Wednesday, October 5, 2011
Pedagogical Failures? The Authors We Are Reading in Class Are Mean to White People...
"Joe Feagin is not nice to white people, how is he going to win us over? ""Jane Elliot is mean to white people, what is wrong with her?"
Those are two questions from my class on Race and American politics which I am teaching this quarter. I like sharing these pedagogical moments with you all as so much of what we talk about regarding race and politics here on WARN--and in other moments more generally--can be traced back to what students are learning (or not) in the classroom. We make citizens in our schools; thus, the tin eared responses to white racism in the Age of Obama and a drunken ideology of conservative colorblindness that offers nothing, and masks almost everything, can often be traced right back to those spaces.
As a black guy who teaches courses on race I am always impressed by the candor of my students. Quite a few don't want to engage for fear of "saying the wrong thing." Generally, and with good speed, folks pick up on the fact that my courses are not some version of the Oprah Winfrey Show. I am not interested in having an encounter session. My goals are direct: read the texts, process the claims, and apply the theory.
Public feelings and personal moments of transformation are entertaining; they generally don't have a place in my seminars. Nevertheless, and while only a journeyman, I still remain surprised by the vulnerability and honesty of the white students in my classes. As one of their few non-white lecturers I can become their personal confessor. I am also a flagellating truth teller. Many stay for the punishment and want more. Others run away.
Here, there are a few moments that have repeated themselves. First, white students hate sister Jane Elliot. There is a revulsion at how she brings the heat and holds white folks accountable for their racism and prejudice.
The second is more curious: many students (mostly white, but a few of color) get upset at Dr. Joe Feagin's analyses of white racism as a societal organizing concept. Inevitably, he is described as "mean" to white people. Feagin apparently "doesn't want to win them over."
I smile and respond that the history of white supremacy and the institutional legacies of white racism are not nice. Moreover, some history is just ugly and should be presented as such. Most importantly--and this upsets quite a few white students--few authors in any field sit back and ask "how will my argument make people of color feel? Will it hurt their feelings?" Consequently, why should you be extended the courtesy?
On a meta level I will never stop shaking my head at the vulnerability of Whiteness. Its owners and practitioners have the world oriented around them. Whiteness is one of the greatest inventions in human history. White folks can gain all of the advantages of white supremacy in post-Civil Rights America and can wash their hands of it, all the while being able to play the "reverse racism" defense when the reality of white racism is called out for what it is.
Whiteness seems so durable. Its owners and practitioners so weak. How could this be? Perhaps, this duality is one of the secrets to how Whiteness and white privilege have endured for so long?

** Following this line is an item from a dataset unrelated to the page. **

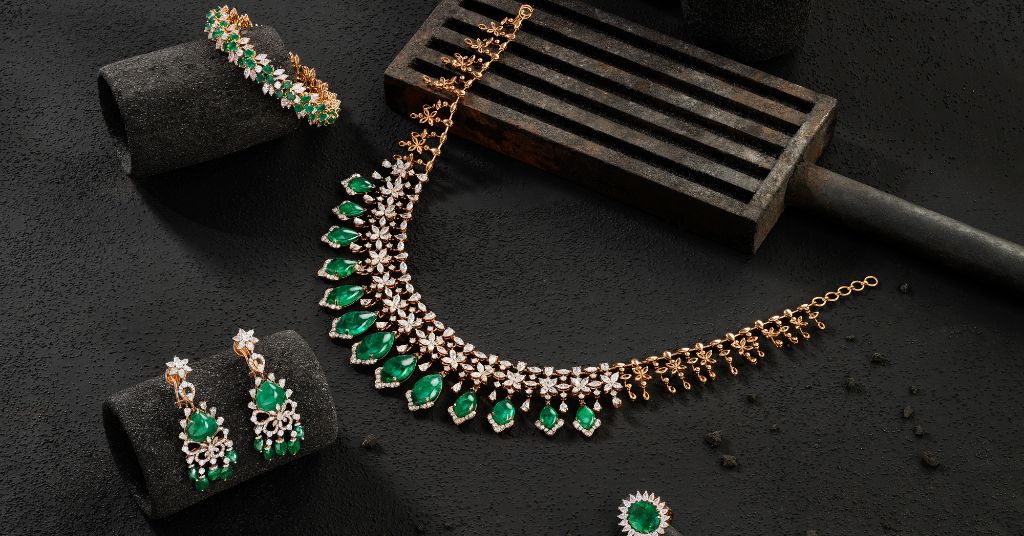 Elegant Emerald Diamond Set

The revulsion of some at the truth of white racism is an example of white privilege in action where how dare someone deviate from the white racial frame and turn the lens inward, upsetting White priors, White beliefs, and a White sense of nobility and innocence.
There are also students who pleasantly surprise you with their directness. While some would be offended, I am intrigued by a student who submitted a list of questions to me after a class on race and life chances. He is a bold one; I think he should be commended even as his directness would be off-putting to some.
Said student asked me the following:
1. As a black American, assuming you consider yourself "black" and an "American" are you "thankful" that you were given a "traditional" "non-black" name rather than one that is stereotypically "black?"
2. Do you think having a "black" name would have impacted your career?
3. If you are dealing with a white person who is really ignorant about racism how do you tell them this?
So let's work through this together. How would you respond to these questions? Alternatively, is there something problematic about these questions to begin with? Is said student operating from a position of white privilege where he feels empowered to query a black professor in such a personal manner?